Things are just getting interesting when Motti fantasizes what it’ll be like if he takes Laura home to Mame. Violence, perhaps comical, perhaps genuine, he decides.
“You’re KILLING the Jewish race!” or words to that effect, will be shouted between tears. Perhaps while holding a knife.
Fessing up to not actually planning to marry his fake-fiance shidduch set-up doesn’t make matters better. A shrieking tantrum about how her son is gay (“faygale”) ensues.
Let’s see the rabbi, for the rabbi is wise, if not all that funny. “Send him to Eretz Israel,” is his solution. Find one of those aggressive, sexy no-nonsense Israeli Jewish women.
So he does, in a Tel Aviv Orthodox yoga (“Ommmmmm shalooooooom”) studio. Jael (Meytal Gal) is exactly as advertised, Gal Gadot with curls and no interest in wasting time with a lot of foreplay. Motti’s tidy whiteys under his tzitzits? Sexy.
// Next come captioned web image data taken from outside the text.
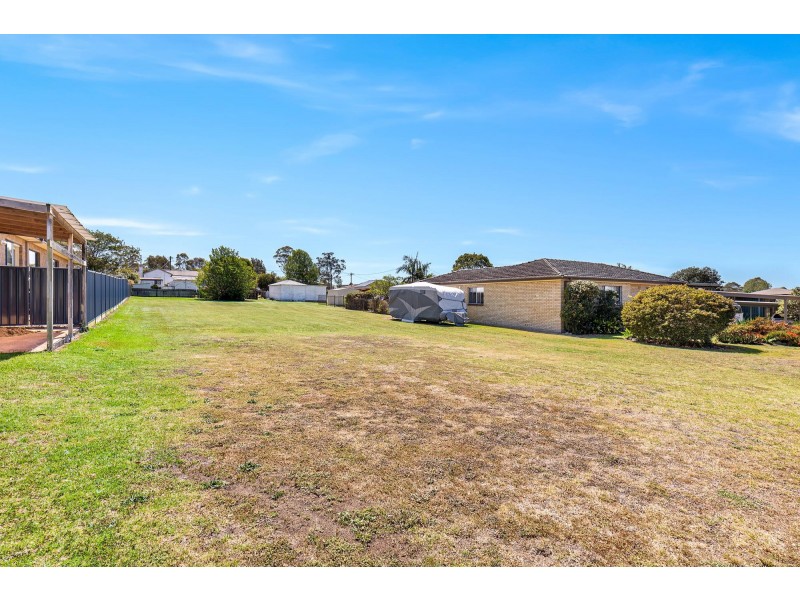 11 Shore Street, Moruya NSW 2537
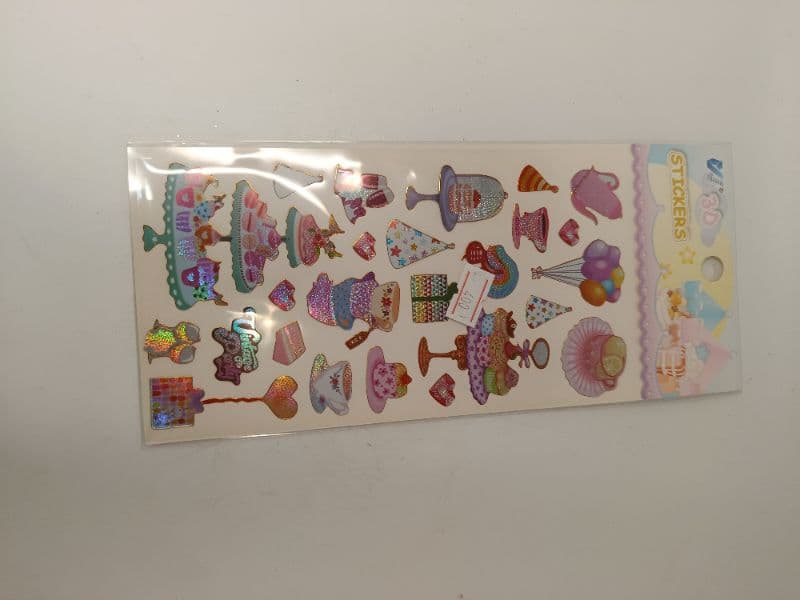 Stickers Planos Medianos Surtidos, Paquete de 12 Unidades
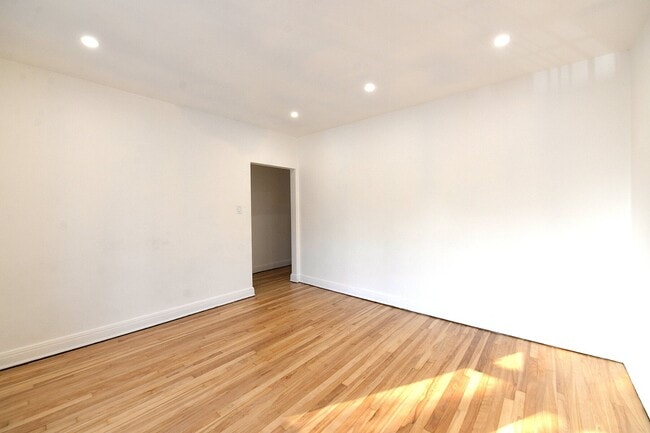 973 Rue Tait in St. Laurent, QC - Building Photo - Building Photo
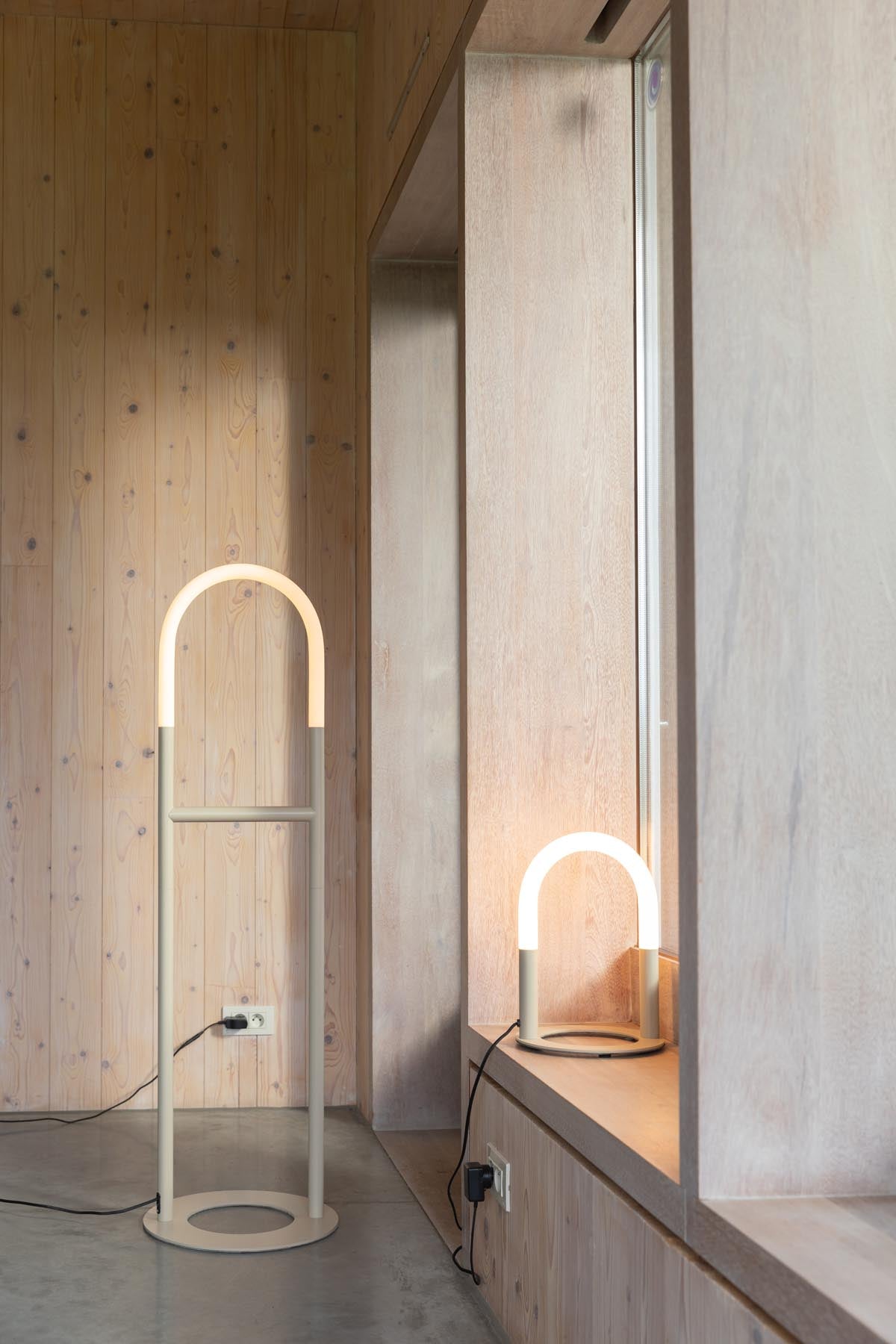 Arch Stehlampe in beige präsentiert im Onlineshop von KAQTU Design AG. Stehleuchte ist von Zuiver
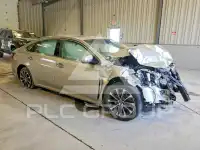 2016 Toyota AVALON photo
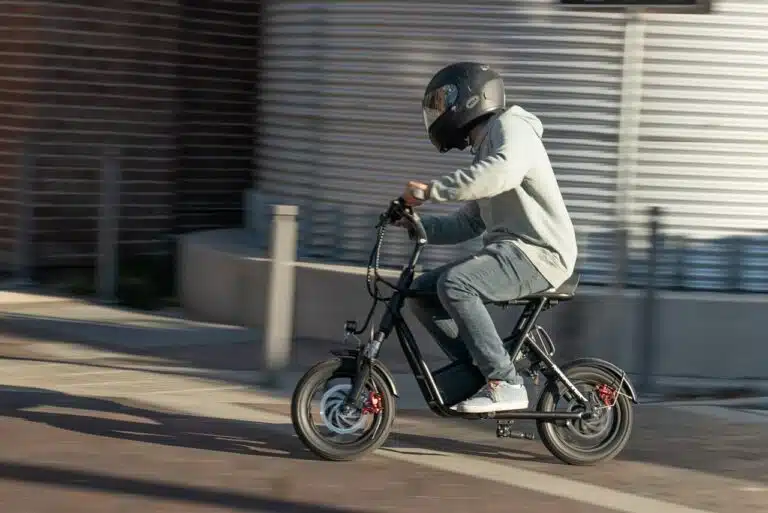 EMOVE Roadrunner Review: Our New Favorite Seated Scooter 11 EMOVE RoadRunner 26 Large min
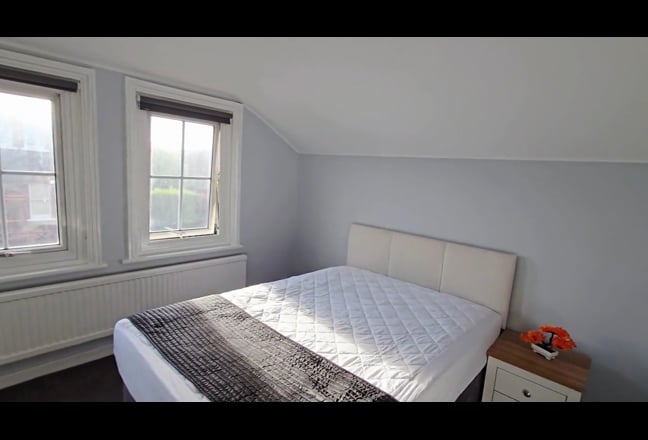 Modern Second Floor En-suite 1-Bed Flat in Bushey Main Photo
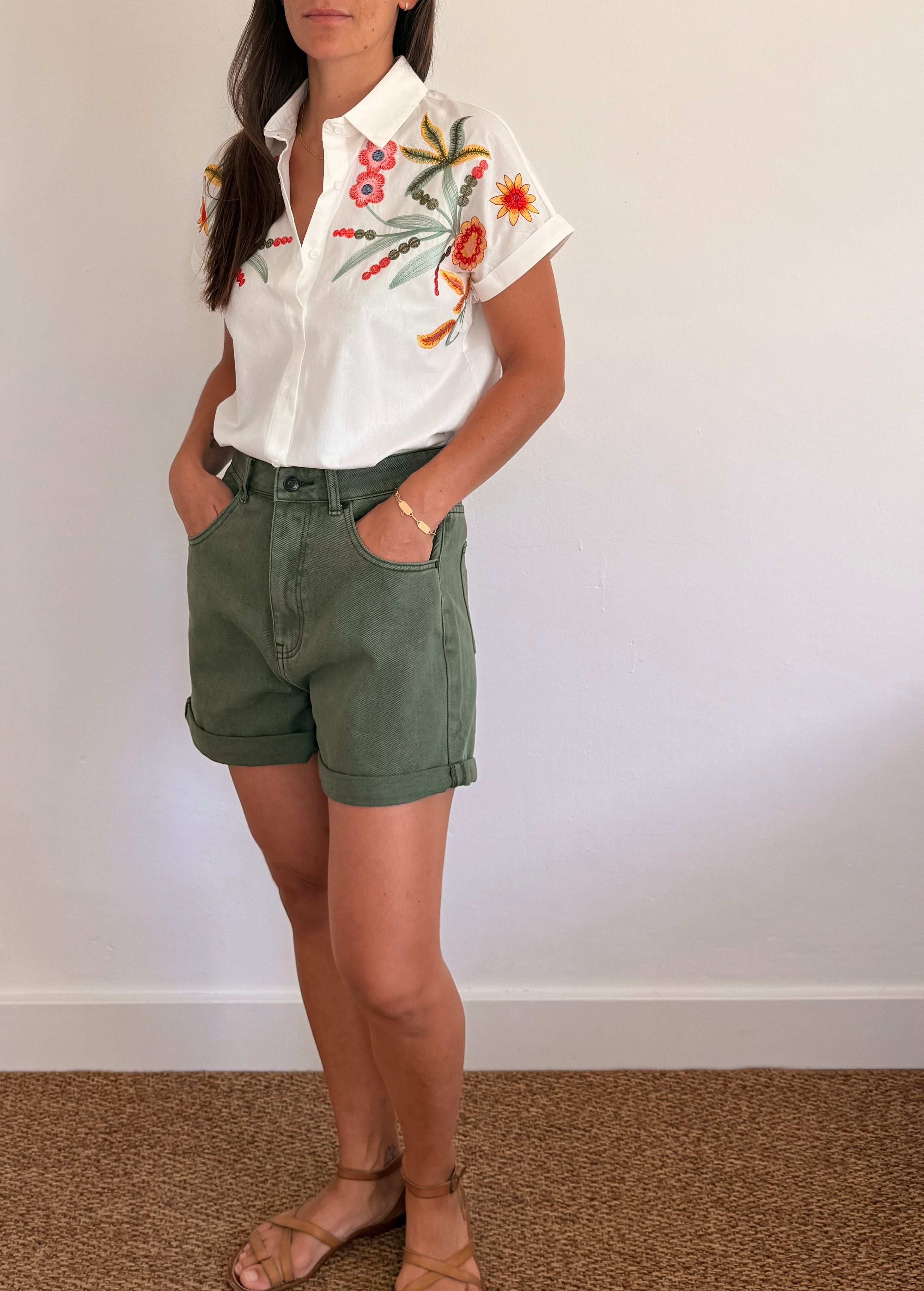 Chemise brodée fleurie Agathe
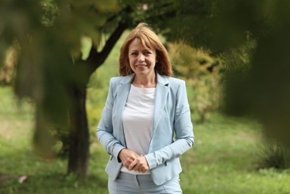 Пред събралите се на прекрасната тераса на новия общински културен и конферентен център Топлоцентралата Фандъкова развълнувано обяви, че нещата, които е направила за образованието, културата и спорта, които тя приема за едно и за най-близките до сърцето й сфери, са и онова, с което най—много се гордее като кмет, до края на чийто мандат остават 2 месеца.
Motti’s dilemma holds our interest, even if the screenwriter can’t figure out a way to make it more of a dilemma. Having him visit a dying client of his father’s insurance business might be designed to tug at his ethnic loyalty and the stakes of this big life decision, or even hint at a life circumscribed by tradition and arranged relationship. But those scenes don’t deliver that.
His asides to the camera fade, and he doesn’t really confide in his dad (Udo Samel) or his best friend Yosi (Aaron Arens). There’s little narrative drive here, and even less comic momentum. The cast makes this watchable, but nothing more.
“Awakening” is just that, a long, yawning start to the first day of the rest of Motti’s life. There’s a sense of fence-sitting in the film’s point of view, embracing free will, while waffling on “tradition” and arranged marriages within an insular culture.
It’s not unpleasant, just grating and in many instances, too familiar to be much fun. Kind of “meh,” overall.
That’s not going to satisfy anybody, either the characters in the movie or among those watching it.
MPAA Rating: TV-MA, sex, nudity
Credits: Directed by Michael Steiner, script by Thomas Meyer. A Netflix release.